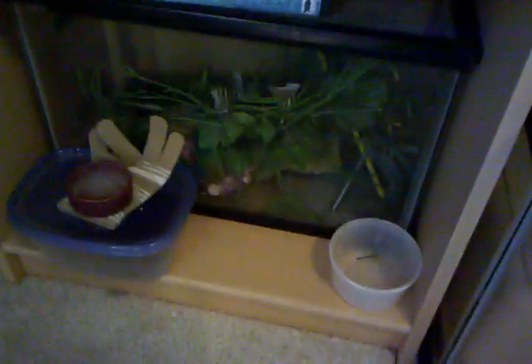We have this frog thing that my friend took, these two alligator heads, and we just have supplies for the other stuff, like anything I ever need.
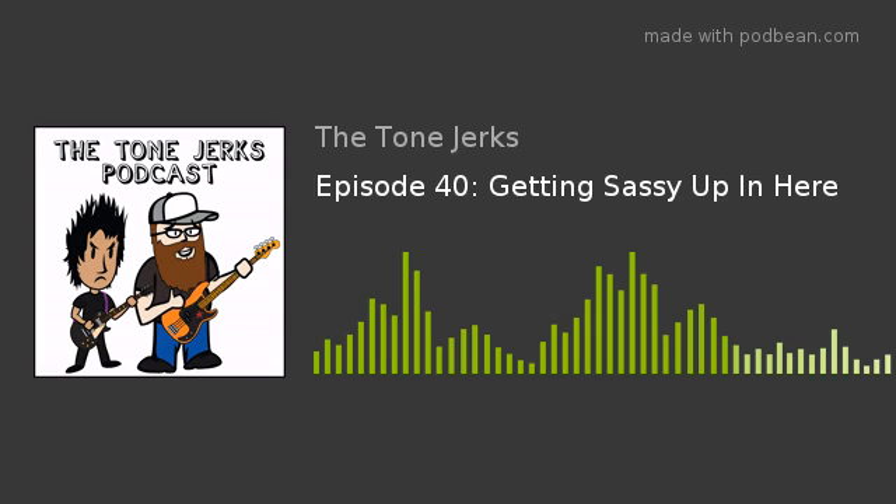Welcome to the Tone Jerks podcast. I'm your host Brian Gower. With me today we have Kyle McIntyre, and we have a special guest via the powers of the internet — Alex from Copper Sound Pedals. Let's jump into what's news and then get into more about Alex and his pedals.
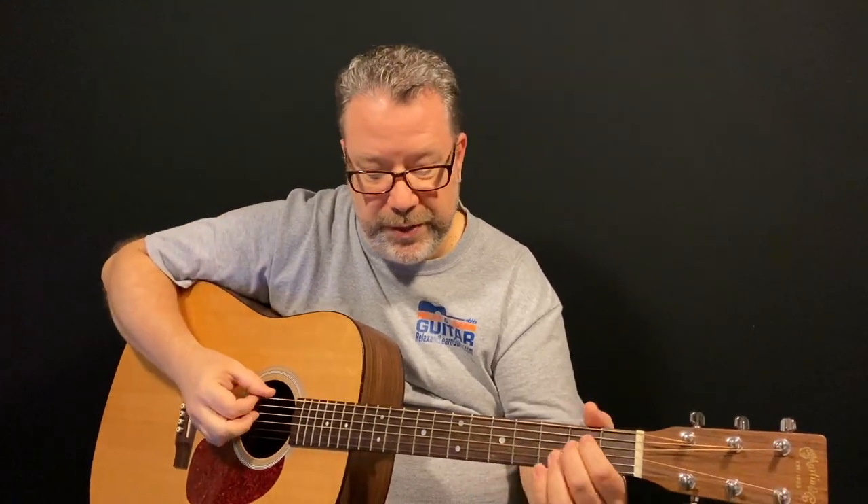Join me for day two where we're going to learn three chords that we'll be playing throughout the rest of these lessons. You can get that day two lesson by clicking up above or checking out the link in the description. Don't forget to subscribe — I hope to see you guys in many more of my videos. I'll see you guys for day two in our guitar starter series. Take care!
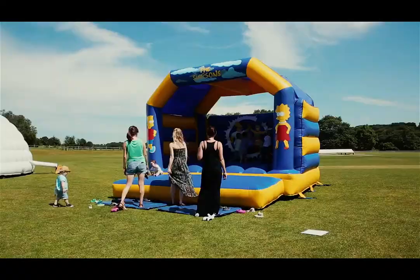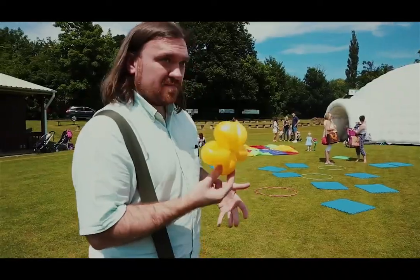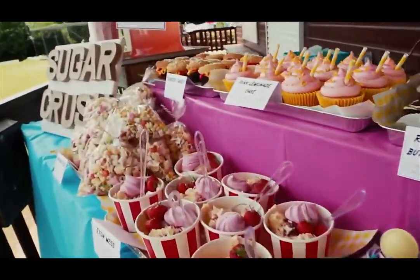Step 3, choose your bolt-ons. We've got everything from face painters, stilt walkers and balloon modellers. You name it, we've got it.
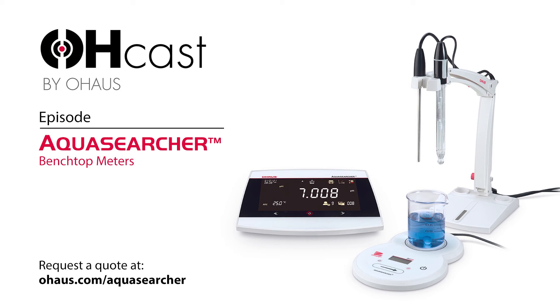How many models are in the series? We launched six new models, positioned at three different levels. First, we have the AquaSearcher AB23 series — our entry-level products — consisting of the AB23PH and the conductivity meter, the AB23EC. The next level up is the AB33 series, our basic level, which consists of three models: the AB33PH, the AB33EC for conductivity, and a multi-parameter meter, the AB33M1. The last level, our research grade, is the AB41, which can measure pH and ORP.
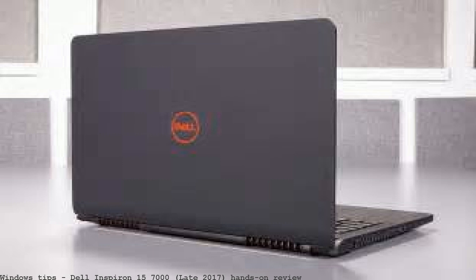Dell Inspiron 13 7000 hands-on review. Dell Inspiron 13 and 15 7000 hands-on. Into the Inspiron 15 7000 gaming laptop.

************

- _Exercise objective_: Say again, word for word, the lines beginning at the top of the data and ending with the line that has "How many models". Skip the pictures.

- _Answer box_:
We have this frog thing that my friend took, these two alligator heads, and we just have supplies for the other stuff, like anything I ever need.
Welcome to the Tone Jerks podcast. I'm your host Brian Gower. With me today we have Kyle McIntyre, and we have a special guest via the powers of the internet — Alex from Copper Sound Pedals. Let's jump into what's news and then get into more about Alex and his pedals.
Join me for day two where we're going to learn three chords that we'll be playing throughout the rest of these lessons. You can get that day two lesson by clicking up above or checking out the link in the description. Don't forget to subscribe — I hope to see you guys in many more of my videos. I'll see you guys for day two in our guitar starter series. Take care!
Step 3, choose your bolt-ons. We've got everything from face painters, stilt walkers and balloon modellers. You name it, we've got it.
How many models are in the series? We launched six new models, positioned at three different levels. First, we have the AquaSearcher AB23 series — our entry-level products — consisting of the AB23PH and the conductivity meter, the AB23EC. The next level up is the AB33 series, our basic level, which consists of three models: the AB33PH, the AB33EC for conductivity, and a multi-parameter meter, the AB33M1. The last level, our research grade, is the AB41, which can measure pH and ORP.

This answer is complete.